• _DATA_

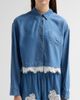 Cami NYC Women's Garance Cropped Shirt - 5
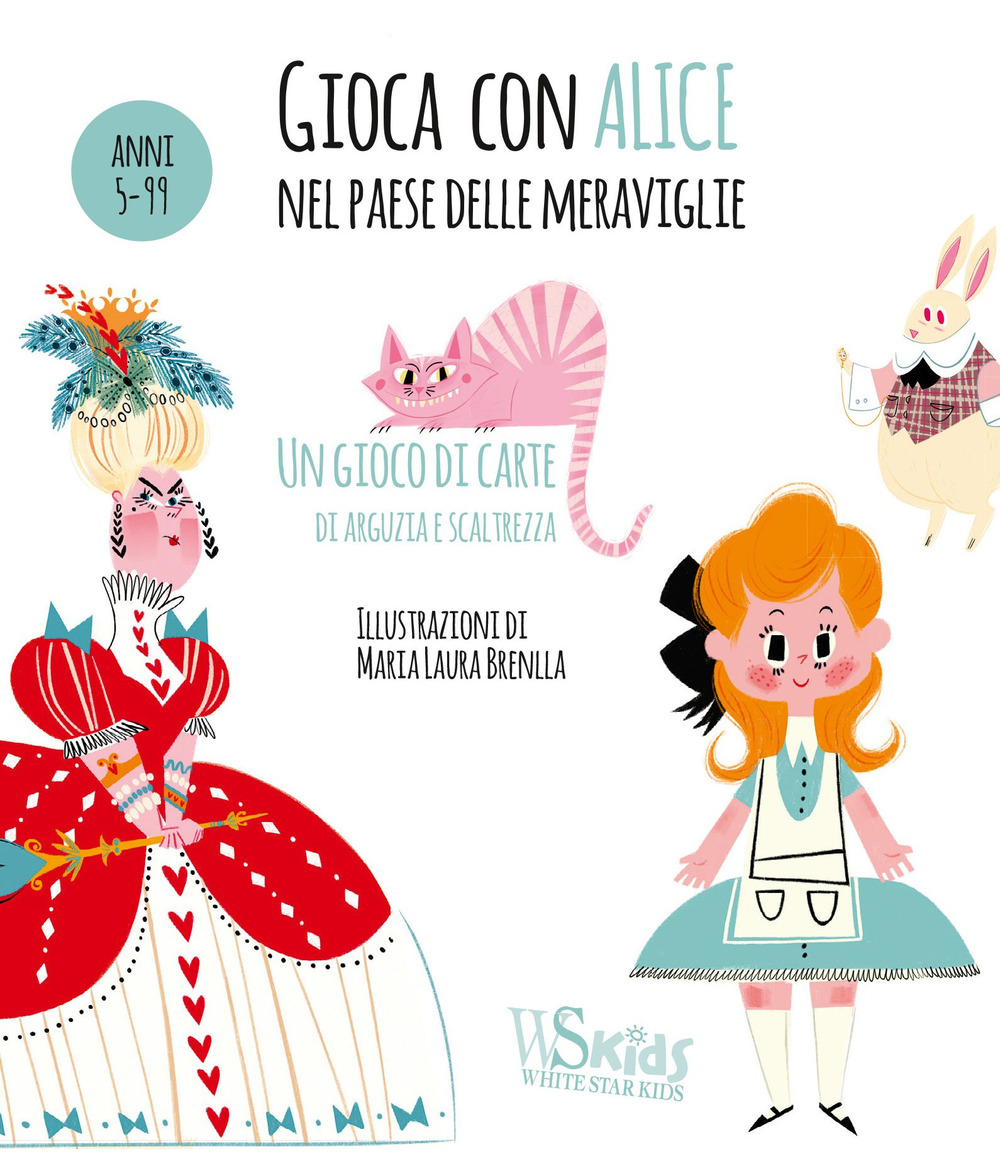 Gioca con Alice nel paese delle meraviglie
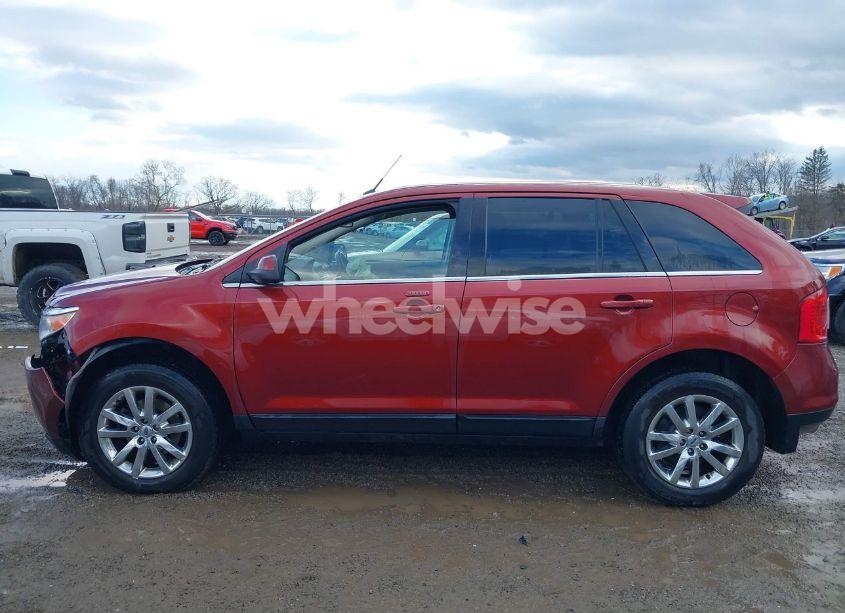 Photo 14 of 2014 Ford Edge LIMITED (VIN 2FMDK4KC8EBA75069)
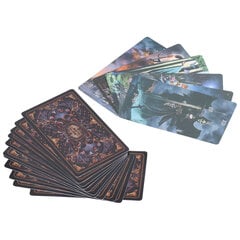 78 kpl/laatikko Elemental Wisdom Tarot-kortit Taidepaperi Interaktiiviset pelilelupakit aikuisten juhliin hinta ja tiedot | Esoteria | hobbyhall.fi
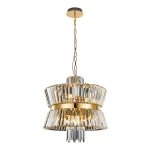 Lampa wisząca - AURELIA - złoty - 12xE14 - ML0405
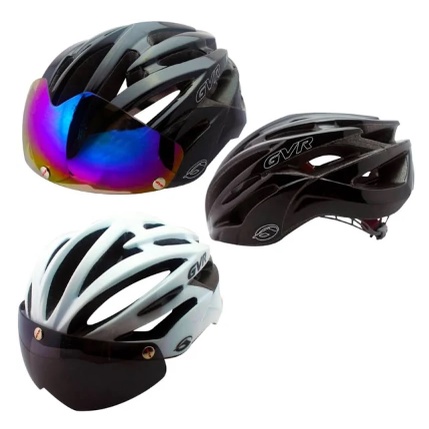 GVR G307V原色系列安全帽/自行車帽 -石頭單車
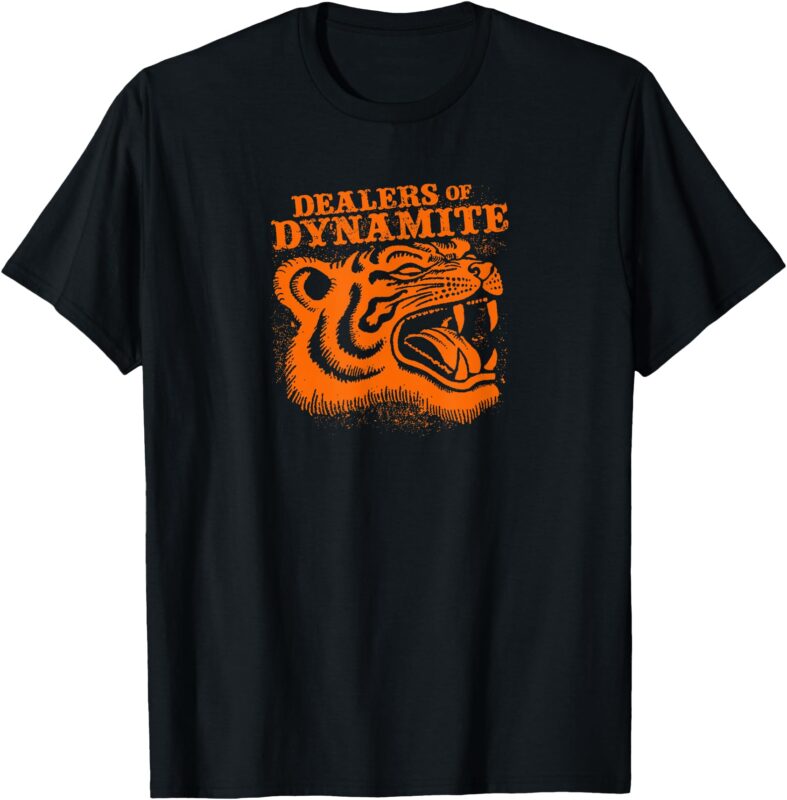 Dealers of Dynamite Tiger for Josh Orange V04 T-Shirt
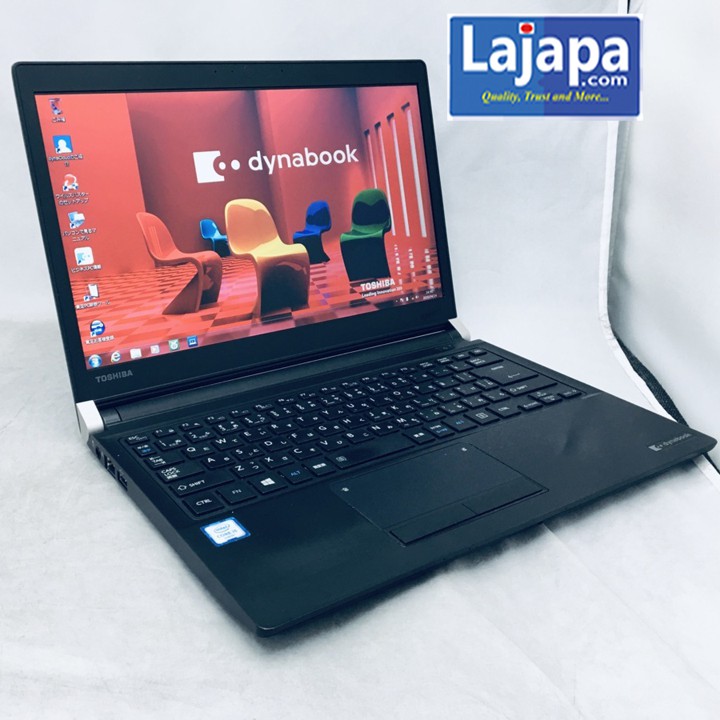 Máy tính laptop giá rẻ, laptop Toshiba dynabook R73/B i5-6300U Máy tính i5 nội địa Nhật giá rẻ cho học sinh sinh viên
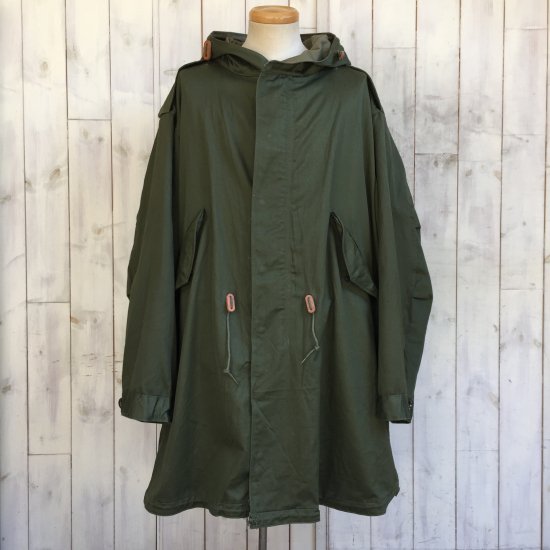 'S "US ARMY" M SHELL PARKA/フルセット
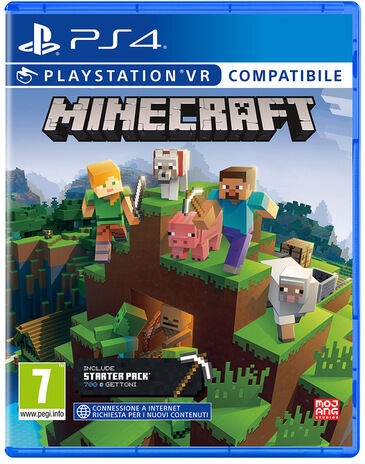 Sony Minecraft Starter Collection PS4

• _TASK_
Copy exactly the lines that run from the one containing "Photo 14 of" to the last line of the records, both included, and leave out every picture.

• _EXERCISE ANSWER_
 Photo 14 of 2014 Ford Edge LIMITED (VIN 2FMDK4KC8EBA75069)
 78 kpl/laatikko Elemental Wisdom Tarot-kortit Taidepaperi Interaktiiviset pelilelupakit aikuisten juhliin hinta ja tiedot | Esoteria | hobbyhall.fi
 Lampa wisząca - AURELIA - złoty - 12xE14 - ML0405
 GVR G307V原色系列安全帽/自行車帽 -石頭單車
 Dealers of Dynamite Tiger for Josh Orange V04 T-Shirt
 Máy tính laptop giá rẻ, laptop Toshiba dynabook R73/B i5-6300U Máy tính i5 nội địa Nhật giá rẻ cho học sinh sinh viên
 'S "US ARMY" M SHELL PARKA/フルセット
 Sony Minecraft Starter Collection PS4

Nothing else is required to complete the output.